What is required — Print out the data below in full, exactly as written.

Source data —
BEGIN

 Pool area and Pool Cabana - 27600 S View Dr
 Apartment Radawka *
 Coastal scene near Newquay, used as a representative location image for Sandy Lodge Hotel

END

Solution to this exercise —
 Pool area and Pool Cabana - 27600 S View Dr
 Apartment Radawka *
 Coastal scene near Newquay, used as a representative location image for Sandy Lodge Hotel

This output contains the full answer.